Les mots utilisés dans le droit canonique sont pleins d'onction:
Cette abstinence est pourtant un mythe. Depuis que le célibat a été inscrit dans le droit canonique, en 1139, il a été notoirement violé. Un exemple: lorsque Saint-Charles-Borromée (1538-1584) a visité la Suisse en 1570, le curé d'Altdorf lui a, par exemple, présenté sa famille de huit enfants.
Bien plus dramatiques que cet exemple du 16ᵉ siècle sont les ruptures de célibat qui secouent ces jours-ci l'Eglise catholique en Suisse. La semaine dernière, des historiennes et historiens de l'Université de Zurich ont présenté une étude. Ils ont documenté 1002 cas d'abus sexuels dans toute la Suisse pour la période allant de 1950 à aujourd'hui.
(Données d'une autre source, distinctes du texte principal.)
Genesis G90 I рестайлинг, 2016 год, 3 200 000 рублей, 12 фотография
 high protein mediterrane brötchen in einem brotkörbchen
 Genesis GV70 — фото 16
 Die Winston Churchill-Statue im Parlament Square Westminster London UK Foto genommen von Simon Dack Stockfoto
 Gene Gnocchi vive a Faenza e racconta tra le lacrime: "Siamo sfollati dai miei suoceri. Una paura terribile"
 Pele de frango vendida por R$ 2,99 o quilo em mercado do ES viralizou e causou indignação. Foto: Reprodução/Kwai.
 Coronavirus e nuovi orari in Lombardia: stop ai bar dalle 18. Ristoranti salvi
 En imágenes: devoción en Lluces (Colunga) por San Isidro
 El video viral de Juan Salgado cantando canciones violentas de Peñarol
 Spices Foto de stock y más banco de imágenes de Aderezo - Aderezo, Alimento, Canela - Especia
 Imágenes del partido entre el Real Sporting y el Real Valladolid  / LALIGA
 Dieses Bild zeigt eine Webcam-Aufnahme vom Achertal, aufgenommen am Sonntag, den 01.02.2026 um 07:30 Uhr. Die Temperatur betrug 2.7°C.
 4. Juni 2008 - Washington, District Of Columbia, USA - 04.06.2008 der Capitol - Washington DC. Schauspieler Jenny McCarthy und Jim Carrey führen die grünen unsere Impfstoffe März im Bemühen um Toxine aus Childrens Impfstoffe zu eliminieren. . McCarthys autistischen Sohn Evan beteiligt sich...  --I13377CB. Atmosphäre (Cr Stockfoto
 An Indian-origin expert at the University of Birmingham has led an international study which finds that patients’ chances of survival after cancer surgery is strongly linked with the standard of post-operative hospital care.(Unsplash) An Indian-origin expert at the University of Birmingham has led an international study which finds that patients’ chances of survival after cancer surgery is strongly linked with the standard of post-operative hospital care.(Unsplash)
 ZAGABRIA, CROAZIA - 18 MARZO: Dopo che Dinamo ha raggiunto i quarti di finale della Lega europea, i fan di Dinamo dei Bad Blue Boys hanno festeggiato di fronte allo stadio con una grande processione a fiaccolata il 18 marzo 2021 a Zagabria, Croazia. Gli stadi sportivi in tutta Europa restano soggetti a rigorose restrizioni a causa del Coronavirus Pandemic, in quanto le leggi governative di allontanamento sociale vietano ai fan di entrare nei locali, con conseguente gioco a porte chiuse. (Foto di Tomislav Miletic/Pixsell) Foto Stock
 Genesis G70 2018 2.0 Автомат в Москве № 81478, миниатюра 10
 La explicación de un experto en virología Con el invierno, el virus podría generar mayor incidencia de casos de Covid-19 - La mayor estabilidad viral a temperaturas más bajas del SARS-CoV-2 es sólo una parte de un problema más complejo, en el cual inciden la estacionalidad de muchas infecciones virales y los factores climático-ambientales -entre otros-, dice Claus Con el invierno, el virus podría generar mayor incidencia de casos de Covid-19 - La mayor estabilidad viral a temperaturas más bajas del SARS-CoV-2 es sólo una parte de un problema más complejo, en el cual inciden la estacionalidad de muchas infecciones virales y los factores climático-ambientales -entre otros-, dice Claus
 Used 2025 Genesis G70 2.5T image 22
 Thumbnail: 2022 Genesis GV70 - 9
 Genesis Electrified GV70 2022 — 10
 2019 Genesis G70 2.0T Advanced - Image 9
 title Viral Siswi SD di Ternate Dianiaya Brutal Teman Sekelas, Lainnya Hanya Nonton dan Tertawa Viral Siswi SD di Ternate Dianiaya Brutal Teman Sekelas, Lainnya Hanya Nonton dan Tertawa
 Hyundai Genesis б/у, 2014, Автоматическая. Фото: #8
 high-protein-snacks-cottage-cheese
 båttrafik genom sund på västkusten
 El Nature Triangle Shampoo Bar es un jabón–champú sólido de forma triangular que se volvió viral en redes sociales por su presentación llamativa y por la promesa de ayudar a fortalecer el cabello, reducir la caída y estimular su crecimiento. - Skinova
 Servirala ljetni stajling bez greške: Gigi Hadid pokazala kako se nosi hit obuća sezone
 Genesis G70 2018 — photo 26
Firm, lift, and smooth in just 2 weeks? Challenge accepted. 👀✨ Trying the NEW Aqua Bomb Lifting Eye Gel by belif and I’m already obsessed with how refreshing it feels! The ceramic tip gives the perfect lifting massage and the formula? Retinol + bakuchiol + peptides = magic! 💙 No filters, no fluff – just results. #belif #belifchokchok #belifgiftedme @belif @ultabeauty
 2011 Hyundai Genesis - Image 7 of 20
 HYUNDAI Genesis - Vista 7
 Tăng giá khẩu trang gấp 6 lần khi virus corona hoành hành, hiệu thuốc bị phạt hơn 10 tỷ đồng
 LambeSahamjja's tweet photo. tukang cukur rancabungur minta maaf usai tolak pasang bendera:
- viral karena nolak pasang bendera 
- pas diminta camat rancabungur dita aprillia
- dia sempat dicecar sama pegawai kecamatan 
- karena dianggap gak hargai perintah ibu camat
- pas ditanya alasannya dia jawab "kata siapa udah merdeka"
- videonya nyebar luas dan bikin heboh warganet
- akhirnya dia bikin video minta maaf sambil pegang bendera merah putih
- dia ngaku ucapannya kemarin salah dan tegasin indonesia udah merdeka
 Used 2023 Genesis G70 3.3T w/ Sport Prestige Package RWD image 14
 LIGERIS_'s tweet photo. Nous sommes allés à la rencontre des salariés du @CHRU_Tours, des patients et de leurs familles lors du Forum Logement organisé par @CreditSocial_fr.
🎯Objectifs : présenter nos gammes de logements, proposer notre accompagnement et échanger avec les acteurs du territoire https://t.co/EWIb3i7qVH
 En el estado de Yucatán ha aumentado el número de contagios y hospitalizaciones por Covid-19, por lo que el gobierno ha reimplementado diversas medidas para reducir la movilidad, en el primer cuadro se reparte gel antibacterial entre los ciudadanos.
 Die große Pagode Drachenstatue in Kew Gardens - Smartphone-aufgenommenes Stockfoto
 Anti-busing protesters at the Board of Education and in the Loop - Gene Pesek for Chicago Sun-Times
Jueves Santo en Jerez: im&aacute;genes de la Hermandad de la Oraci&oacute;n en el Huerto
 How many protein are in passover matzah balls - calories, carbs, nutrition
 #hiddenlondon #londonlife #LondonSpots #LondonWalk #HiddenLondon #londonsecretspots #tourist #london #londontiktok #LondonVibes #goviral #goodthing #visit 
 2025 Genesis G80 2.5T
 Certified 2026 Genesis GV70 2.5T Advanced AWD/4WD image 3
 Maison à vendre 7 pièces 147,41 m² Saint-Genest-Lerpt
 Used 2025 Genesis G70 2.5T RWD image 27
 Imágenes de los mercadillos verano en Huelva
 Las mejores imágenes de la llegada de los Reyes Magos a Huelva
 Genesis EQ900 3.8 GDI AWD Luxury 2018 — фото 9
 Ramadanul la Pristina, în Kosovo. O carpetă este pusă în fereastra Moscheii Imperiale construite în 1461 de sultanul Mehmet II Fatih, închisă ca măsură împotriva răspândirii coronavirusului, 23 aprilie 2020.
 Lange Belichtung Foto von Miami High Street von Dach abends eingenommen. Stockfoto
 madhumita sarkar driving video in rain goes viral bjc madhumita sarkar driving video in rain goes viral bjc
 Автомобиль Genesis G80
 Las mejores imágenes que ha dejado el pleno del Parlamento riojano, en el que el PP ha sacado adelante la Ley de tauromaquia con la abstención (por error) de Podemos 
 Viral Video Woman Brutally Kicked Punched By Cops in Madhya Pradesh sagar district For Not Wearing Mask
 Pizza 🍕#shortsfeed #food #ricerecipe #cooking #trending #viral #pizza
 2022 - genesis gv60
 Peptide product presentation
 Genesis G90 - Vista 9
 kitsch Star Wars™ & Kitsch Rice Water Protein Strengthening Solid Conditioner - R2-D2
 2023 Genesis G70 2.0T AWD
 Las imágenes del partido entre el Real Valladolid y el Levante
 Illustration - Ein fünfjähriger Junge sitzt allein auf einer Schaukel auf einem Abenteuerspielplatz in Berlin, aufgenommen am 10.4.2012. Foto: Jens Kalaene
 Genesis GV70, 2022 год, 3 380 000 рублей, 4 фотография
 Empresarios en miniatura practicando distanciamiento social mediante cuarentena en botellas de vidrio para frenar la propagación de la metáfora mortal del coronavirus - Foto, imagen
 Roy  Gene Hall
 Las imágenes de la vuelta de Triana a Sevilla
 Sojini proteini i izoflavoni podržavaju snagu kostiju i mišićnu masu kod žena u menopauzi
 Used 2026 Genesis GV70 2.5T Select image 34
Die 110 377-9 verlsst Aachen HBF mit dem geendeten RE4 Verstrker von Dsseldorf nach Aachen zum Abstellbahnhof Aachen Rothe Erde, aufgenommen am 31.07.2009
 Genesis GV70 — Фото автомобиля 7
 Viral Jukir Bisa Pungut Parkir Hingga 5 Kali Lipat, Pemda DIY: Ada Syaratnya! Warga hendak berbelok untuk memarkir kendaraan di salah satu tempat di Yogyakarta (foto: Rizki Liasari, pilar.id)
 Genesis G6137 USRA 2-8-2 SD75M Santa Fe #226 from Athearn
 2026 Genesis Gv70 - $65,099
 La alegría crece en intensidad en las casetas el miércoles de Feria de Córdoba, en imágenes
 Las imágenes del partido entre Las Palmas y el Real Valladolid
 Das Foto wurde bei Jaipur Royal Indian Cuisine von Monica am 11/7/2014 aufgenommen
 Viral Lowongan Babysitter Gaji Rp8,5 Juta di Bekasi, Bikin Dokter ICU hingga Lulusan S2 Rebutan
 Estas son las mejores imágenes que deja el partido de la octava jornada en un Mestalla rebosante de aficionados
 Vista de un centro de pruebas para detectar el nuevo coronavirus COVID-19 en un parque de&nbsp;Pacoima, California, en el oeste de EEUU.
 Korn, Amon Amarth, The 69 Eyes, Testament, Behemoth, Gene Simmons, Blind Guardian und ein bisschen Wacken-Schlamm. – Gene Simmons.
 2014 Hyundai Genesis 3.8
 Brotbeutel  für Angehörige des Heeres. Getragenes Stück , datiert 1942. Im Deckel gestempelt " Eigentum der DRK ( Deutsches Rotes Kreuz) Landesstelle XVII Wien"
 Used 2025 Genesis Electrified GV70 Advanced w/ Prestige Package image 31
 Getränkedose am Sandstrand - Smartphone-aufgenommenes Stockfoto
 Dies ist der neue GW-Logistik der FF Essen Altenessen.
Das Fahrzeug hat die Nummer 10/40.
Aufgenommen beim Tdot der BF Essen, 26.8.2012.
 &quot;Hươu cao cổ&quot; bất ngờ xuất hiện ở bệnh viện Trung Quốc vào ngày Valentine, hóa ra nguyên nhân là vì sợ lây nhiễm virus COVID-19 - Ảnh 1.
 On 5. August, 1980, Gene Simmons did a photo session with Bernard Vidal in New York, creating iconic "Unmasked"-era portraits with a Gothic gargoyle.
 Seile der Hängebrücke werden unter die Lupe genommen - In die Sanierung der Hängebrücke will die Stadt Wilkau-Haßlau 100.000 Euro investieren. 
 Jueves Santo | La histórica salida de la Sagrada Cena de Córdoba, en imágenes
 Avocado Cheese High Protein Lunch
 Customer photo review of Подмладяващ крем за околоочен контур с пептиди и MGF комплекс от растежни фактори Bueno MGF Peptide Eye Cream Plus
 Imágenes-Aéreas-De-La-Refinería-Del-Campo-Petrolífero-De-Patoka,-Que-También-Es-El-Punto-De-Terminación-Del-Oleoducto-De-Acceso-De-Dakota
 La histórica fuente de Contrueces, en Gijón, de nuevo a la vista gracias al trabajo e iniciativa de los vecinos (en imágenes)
Les auteurs étaient généralement des prêtres, les trois quarts des victimes étaient mineures, plus de la moitié des personnes concernées étaient de sexe masculin. Les enfants de choeur et les servantes d'autel, par exemple, étaient particulièrement exposés.
Chaque fois que des scandales d'abus font la une des journaux, l'appel à l'abolition du célibat se fait entendre, y compris de la part du clergé.
Ces mots sont ceux de Stefan Loppacher, directeur du comité d'experts «Abus sexuels dans le milieu ecclésial» de la Conférence des évêques suisses, dans une interview accordée au Boten der Urschweiz.
Mais l'interdiction du sexe par l'Eglise a-t-elle un effet causal sur les abus? Martin Killias, professeur émérite de droit pénal, s'est toujours penché sur la question au cours de ses activités de recherche: quels sont les mécanismes qui favorisent ces comportements criminels?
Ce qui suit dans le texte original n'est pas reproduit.